Alan and Jason and I consider ourselves pretty lucky to be doing what we’re doing. However, the tumultuous markets this year can make us question that. Market volatility comes and goes, but that’s not the worst part of our jobs. The worst part is when a client dies. We often find ourselves meeting with a deceased client’s spouse. Few things compare to the difficulty of losing one’s spouse, and that difficulty is often compounded by the immense pressure to make decisions at precisely the hardest possible moment. Many of these tasks seem to require immediate attention, so it is important to take precautions to guard against making decisions while emotionally vulnerable.
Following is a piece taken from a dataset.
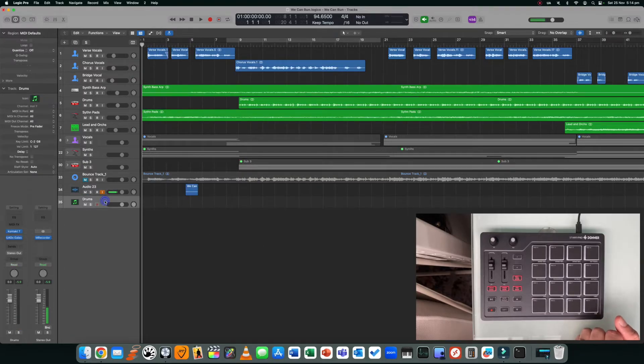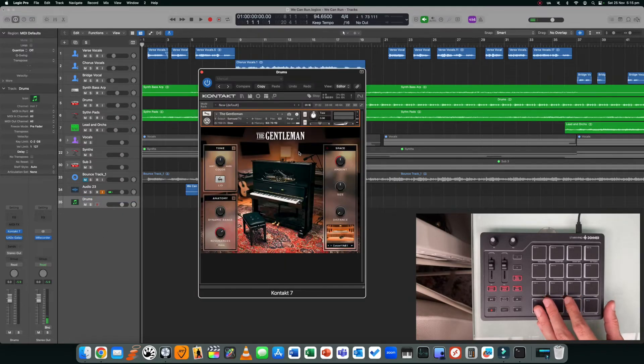Here I've got a session open in Logic. If you're using a different program, most DAWs operate the same way — they have what's called a learn mode and also mapping. I'm just going to show you the learn function because that's probably the easiest way. Now that we've sent everything to channel 1, if you're not getting any sound there are two things to check out. I've got this track — it says 'drums' but it's actually a piano that's been loaded.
Take some time to reflect. Don’t put your house on the market right away, don’t sell assets, give away money to children or charity, or agree to move in with an adult child. Any of those decisions may make sense in time.
The first thing you should do is gather the documents you’ll need. It’s a great idea to do this ahead of time and make a list of documents and locations so that when the time comes, they are easy to find. Some things you will need are social security numbers, birth and death certificates and military discharge paperwork. The next document you’ll get is the death certificate. Get a few extra, because most accounts will require it. Keep a joint checking account for at least a year so you can deposit any checks that happen to come in that are made to the deceased spouse or to both of you. Don’t be afraid to get some help, whether it’s from an accountant, lawyer, financial planner, trusted friend or adult child. If you are used to making major decisions with a partner, this will make it easier more natural. Don’t be afraid to ask questions, even if you think they are dumb.
Next, assess your cash flow. Make a list of your fixed expenses and a separate list of your discretionary expenses. Then, make a list of your income sources. Remember that the social security benefits you are receiving may change, as well as any pension benefits. Collect any life insurance benefits that exist. This may help to make up any shortfall in your income. The life insurance company may want to put the money in an account and send you a checkbook instead of sending you a check. This is fine, but if you want the whole amount, simply write a check for the entire amount as soon as you get it. They also may offer to give you the benefit as a lifetime income. Before you agree to this, get an opinion from a financial planner or other trusted friend. You’ll want to consult with an attorney to find out what needs to be done to prepare the estate. If you have done estate planning ahead of time, you will usually use the attorney that set that up for you.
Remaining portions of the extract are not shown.